Friday, August 16th 2024
Path Tracing Makes its way to DOOM II in GZDOOM Community Mod
A GZDOOM community mod called "DOOM II: Ray Traced" has done the unthinkable—added path-traced lighting, shadows, and reflections to DOOM II. The mod uses high-resolution voxel models and other game assets from the Voxel DOOM Project, which replaces the game's 2D sprites as fully-fledged 3D models. Pretty much all of the game's textures also see an improvement. Where "DOOM II: Ray Traced" comes to light is its path-traced lighting, which uses ray tracing hardware of modern GPUs—nothing is pre-baked. The mod also supports NVIDIA DLSS 3 Frame Generation and AMD FSR 3.0 Frame Generation, to help step up performance. A gameplay video sees a GeForce RTX 4080 break a sweat rendering it at 4K. And to think the original DOOM II could run on an 80386—a processor simpler than a single NVIDIA CUDA core.A gameplay trailer video follows.
Source:
TweakTown
41 Comments on Path Tracing Makes its way to DOOM II in GZDOOM Community Mod
As for the game itself: remaking an old classic in a new engine like Black Mesa did with Half-Life is pure art. Simply adding RT and upping some textures is lazy.
Why it wouldn't worth a try ? it's free after all !
Is it the same experience as vanilla DOOM, of course not, but that's not the intent I think either. If it were, why even bother :)
Maybe it's worth reminding people that this is a free mod. People have put time and effort into this and made it available for everybody to enjoy. Time that they won't get back. Ever. Probably didn't receive proper financial compensation either. Yet all some people seem to be capable of saying is essentially "Eh, I don't like it"/"Thanks, I hate it"...
Alright.
The boxy voxel models combined with the modern lighting and effects gives this a bit of a "Minecraft with RTX" feel. With gratuitous amounts of blood, of course. It's a very particular look, but that's not a bad thing. I'm sure somebody out there loves it. Sometimes a look like this is what people are aiming for. Personally I find it charming. If it's not your thing, then maybe it would be best to just look the other way.
And what about the games I care about? I want ray traced snake.
I'm more impressed with Dragon Quest Builder 2 it's fairly pixelated, but look quite pleasing in terms of lighting and shading. The skies day to night transitions are kind of terrible however. The rest of the game otherwise looks pretty good though rather Chibi 3D pocket fighter in nature with a dragon ball style and we know the back drop reason for that of course.
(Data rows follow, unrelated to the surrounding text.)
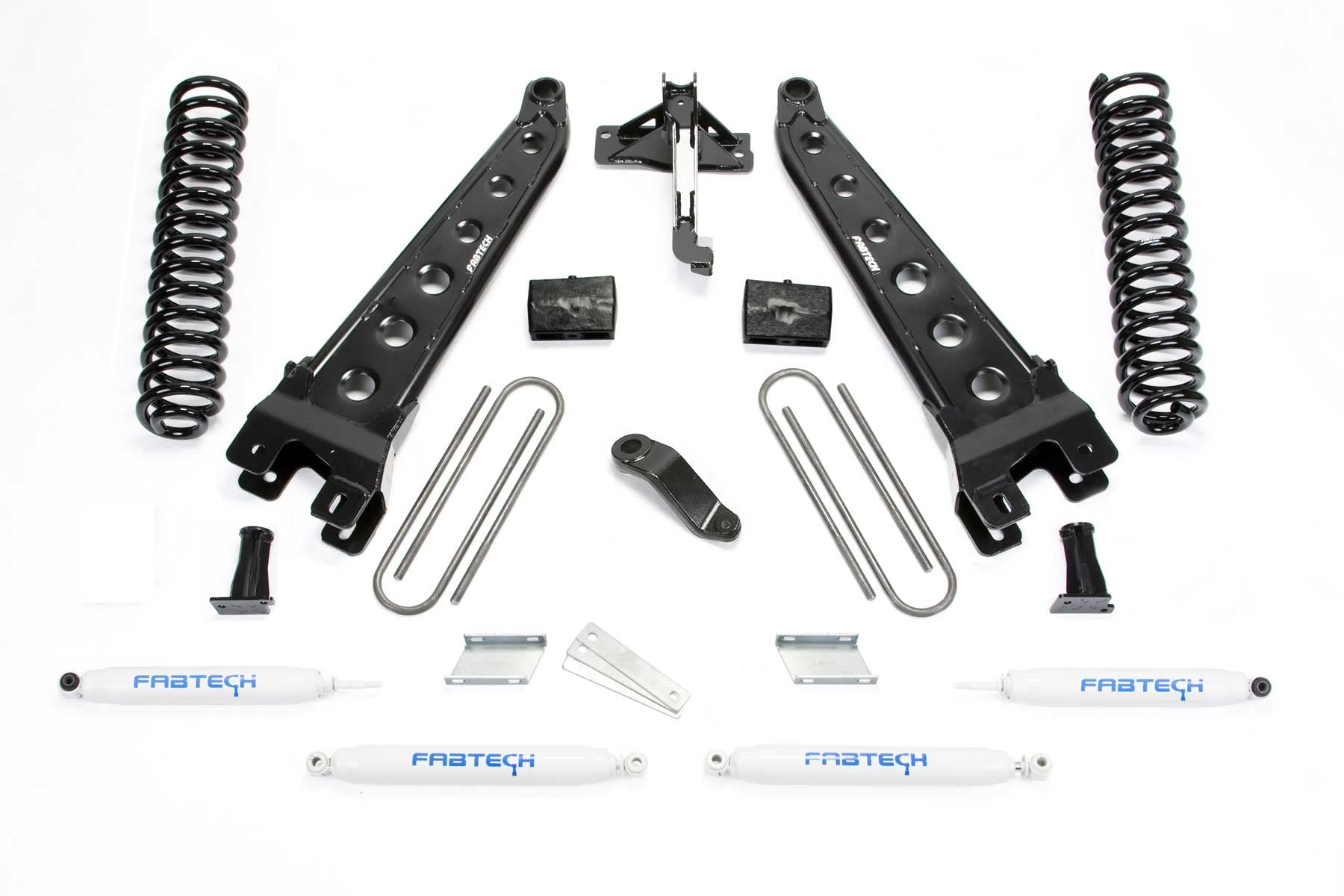 6RAD Fabtech ARM 2018 F45/550 Diesel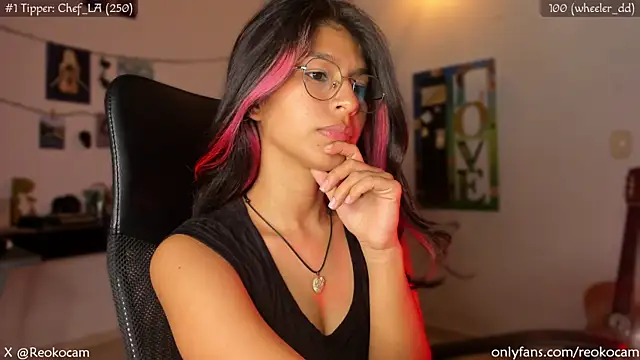 reoko_ - Reoko_'s free webcam - UK Sex Cams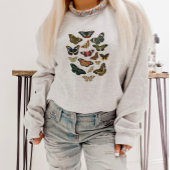 ヴィンテージコテージコアモッツダークアカデミア スウェットシャツ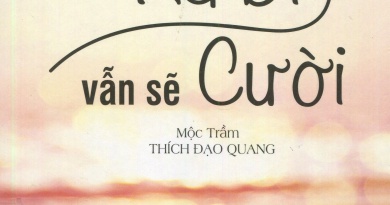 Dẫu có ra đi vẫn sẽ cười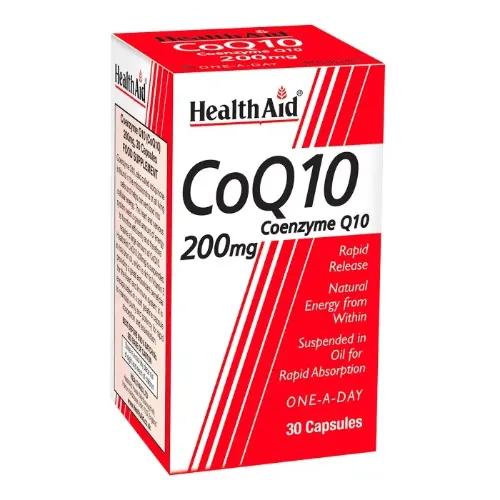 Health Aid Coq10 200Mg 30 Capsules 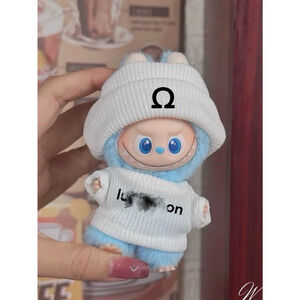 Labubu 3inch bag charm clothes outfits - 1018037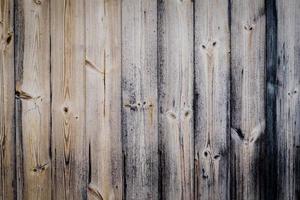 vecchio recinto di legno foto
Anyways this is just community mod so it's forgivable to be fair. It's pretty mixed in some ways it's a real atrocity, but in other ways it's interesting. At least system requirements aren't steep I guess.
It isn't enviro friendly so its a crap.
edit
If we really want to save this planet we need way more efficient hardware ( than rtx 4080 or even 5080 ) to run RT effects.
Imo, if you put time into recreating such a classic, then do it properly, like Crowbar Collective did with Black Mesa. Otherwise, it's wasted effort.
Something else I did say: Regarding Black Mesa -- that ended up taking endless years and man hours to complete and costing money. Apples to oranges. My good man, if we really wanted to save the planet we would need zero hardware to run RT effects :D
Like I said, if you put your mind to doing something, do yourself the favour of doing it properly.
Played a bit of this RT mod, it's extremely well done for an initial release.
We also need eco friendly drivers which will force harware to work in energy efficient - undercloaking - regime if they detect hard gamer as a load on GPU.
And we also need to promote energy efficiency awaresness in hard gamers communities.
Cool games dont need a lot power to run on cool hardware. So if hardware is hot it means game is a crap or hardware is a crap or both.
Anyway, it's off topic, so let's get back to Doom, shall we?
People are allowed to make smaller projects, tech demos and experiments. If one person or a very small team of people decides to do something, it's an effort just as valid as the efforts of a team of hundreds of people. Arguably even more so, when it's being provided for free.
There are many examples of smaller mods for popular games that have been combined into large "definitive remaster" mods that rival the efforts of large game studios. In a similar fashion, many of the pieces of software you use on a daily basis use in some form libraries that individuals or small teams worked on and provided for free use. It's the same idea and it works.
Please, do the others a favour and be more positive.
Game does not work with non steam version. It will either not launch, or does not render correctly. It also has an intro clip witch is quite annoying as it is unskippable. Nobody likes unskippable intros and promos guys.
It's also not possible to sideload bigger mods like brutal doom - they cause this version of GZDOOM to crash.
All in all, good idea, but very un-polished. Adding support for the GOG and Bethesta versions of the iWads would be a great start.